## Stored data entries
=-=-=
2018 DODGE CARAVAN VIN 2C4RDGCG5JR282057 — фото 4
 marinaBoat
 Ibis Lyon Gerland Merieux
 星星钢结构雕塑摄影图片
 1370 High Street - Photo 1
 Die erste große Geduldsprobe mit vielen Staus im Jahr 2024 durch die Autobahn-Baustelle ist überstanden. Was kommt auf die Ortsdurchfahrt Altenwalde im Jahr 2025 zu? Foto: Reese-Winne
=-=-=
## ASSIGNED TASK
All entries should be transcribed verbatim.

## EXERCISE RESPONSE
2018 DODGE CARAVAN VIN 2C4RDGCG5JR282057 — фото 4
 marinaBoat
 Ibis Lyon Gerland Merieux
 星星钢结构雕塑摄影图片
 1370 High Street - Photo 1
 Die erste große Geduldsprobe mit vielen Staus im Jahr 2024 durch die Autobahn-Baustelle ist überstanden. Was kommt auf die Ortsdurchfahrt Altenwalde im Jahr 2025 zu? Foto: Reese-Winne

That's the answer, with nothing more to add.